EVIDENCE-PSYCHOTHERAPIST-PATIENT PRIVILEGE: Defendant is entitled to use Victim’s psychological assessment records (lawfully obtained when the Defendant was the Victim’s guardian) establishing that the Victim suffered from Reactive Attachment Disorder (RAD).   Although the assessments were covered by the psychotherapist-patient privilege,  “strict adherence to procedural rules may give way to a defendant’s right to present relevant evidence in his defense.” Traffanstead v. State,  1D18-874  (12/31/19)

https://www.1dca.org/content/download/546062/6153158/file/180874_DC13_12312019_110424_i.pdf

APPEALS: Appellate court must summarily affirm, rather than dismiss, frivolous appeals taken after entry of plea. Frias v. State, 1D19-1753 (12/31/19)

https://www.1dca.org/content/download/546067/6153218/file/191753_DC05_12312019_113204_i.pdf

CERTIORARI: Where the threshold requirement of irreparable harm is not established, the petition for writ of certiorari must be dismissed.   Before conducting certiorari review of a non-final order, the appellate court must focus on the jurisdictional question of whether there is irreparable harm. Ford v. State, 1D19-4365  (12/31/19)

https://www.1dca.org/content/download/546075/6153321/file/194365_DA08_12312019_115431_i.pdf

JUVENILE-SECURE DETENTION: Juvenile who does not score secure detention may not be remanded to secure detention based on an allegation that he had cut off his ankle monitor, absent a hearing to determine whether he was in contempt of court. S.B. v. El Fance,  3D 19-2508 (12/31/19)

https://www.3dca.flcourts.org/content/download/546069/6153249/file/192508_807_12312019_10310097_i.pdf

HOBBS ACT: To sustain a conviction for Hobbs Act robbery, the government need only show that the offense had at least a minimal effect on interstate commerce. Examples of a minimal effect sufficient to meet the jurisdictional requirement include that a robbery deprived a business of cash or a depletion of assets. United States v. Herrera, No.  17-13440  (11th Cir.  12/31/19)

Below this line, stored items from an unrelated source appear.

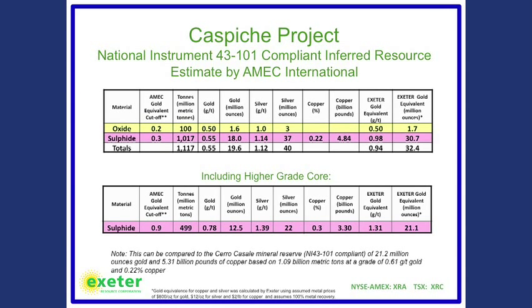This is the 43-101 compliant resource. For U.S. viewers, you should not consider this National Instrument 43-101 resource as a basis for your investment decision. It does not comply with SEC determinations of reserves — it's a different category. So this is really designed for non-U.S. residents.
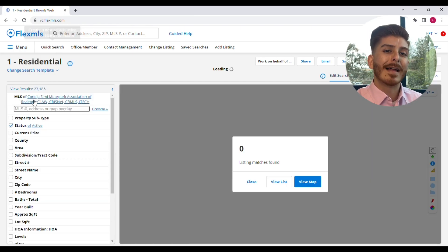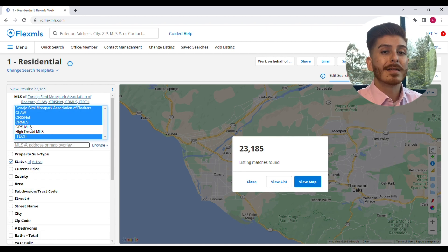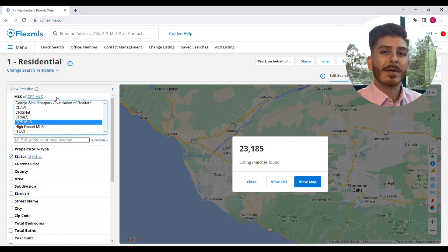In your Flex MLS quick search, at the top here click anywhere in this area to select the MLS you're searching within. You'll notice all the two are highlighted in blue. This means they're not selected and you're not searching within those MLSs.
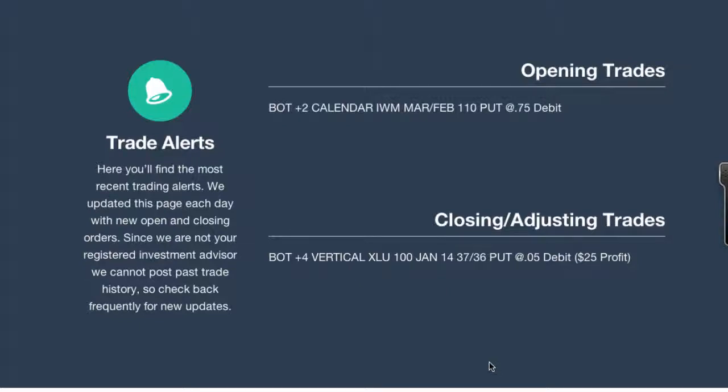Let's start with the closing vertical put spread that we had on XLU. We bought back the vertical put spread that we had for January. January expiration is coming up and we could have left this thing open, but with all of the put spreads that we do, especially the credit spreads, we're going to close it out early for a profit. We made the vast majority of the potential profit we can make on this trade. We bought back the four vertical put spreads on XLU — it was the 37/36 put spread. We sold it for $0.30 and bought it back for $0.05 per spread, so we made $25 per spread, about $100 on the trade.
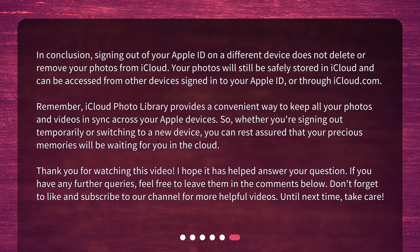In conclusion, signing out of your Apple ID on a different device does not delete or remove your photos from iCloud. Your photos will still be safely stored in iCloud and can be accessed from other devices signed in to your Apple ID or through iCloud.com. Remember, iCloud Photo Library provides a convenient way to keep all your photos and videos in sync across your Apple devices. So, whether you're signing out temporarily or switching to a new device, you can rest assured that your precious memories will be waiting for you in the cloud.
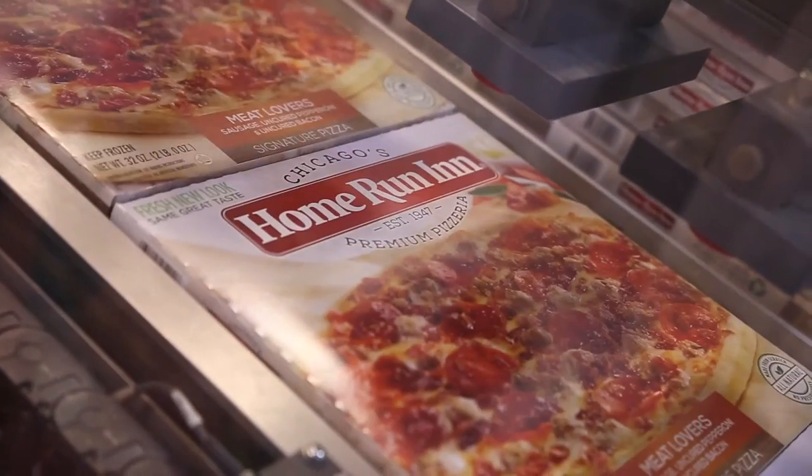I think we're going to really satisfy our current consumer base by giving them a fresh new look, and we're also going to pull some new people into the category. We want people to really understand what our family and our product is all about.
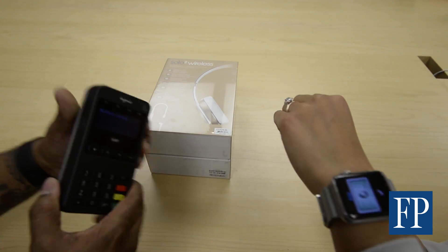Any retailer where people can do contactless payments with their existing credit card plastic, they can also use Apple Pay.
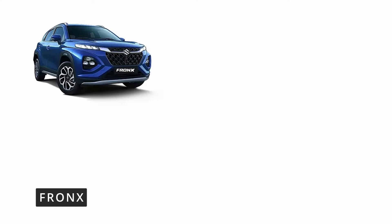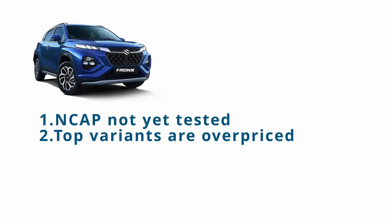Maruti Fronx's major drawbacks are that it has not yet been tested by Global NCAP and is awaiting results for Bharat NCAP, and the top variants are overpriced.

http://media.ca11.uscourts.gov/opinions/unpub/files/201713440.pdf

CONSPIRACY: Where a single conspiracy is charged in the indictment while multiple conspiracies may have been revealed at trial, the conviction stands unless the variance is (1) material and (2) substantially prejudiced the defendant.   The existence of different sub-groups does not undermine the jury’s finding of a single conspiracy so long as each group acted in furtherance of one overarching plan. United States v. Browdy, No. 17-15664 (12/30/19)

http://media.ca11.uscourts.gov/opinions/unpub/files/201715664.pdf

HEARSAY-STATEMENTS AGAINST PENAL INTEREST: Testimony regarding an out-of-court statement by a cooperating witness’s wife that he wanted to frame the Defendant is properly excluded.   The statement was not against the Wife’s penal interest. United States v. Browdy, No. 17-15664 (12/30/19)

http://media.ca11.uscourts.gov/opinions/unpub/files/201715664.pdf

MISTRIAL: A brief, unelicited, and unresponsive mention that the Defendant had previously been incarcerated does not warrant a mistrial. United States v. Browdy, No. 17-15664 (12/30/19)

http://media.ca11.uscourts.gov/opinions/unpub/files/201715664.pdf

SCORESHEET-FIREARM ENHANCEMENT: Defendant is subject to a two level firearm enhancement based on a co-conspirator’s active threatening another putting a gun in his mouth where the use of the firearm was reasonably foreseeable, occurred while the Defendant was never the conspiracy, and was in furtherance of the conspiracy. United States v. Browdy, No. 17-15664 (12/30/19)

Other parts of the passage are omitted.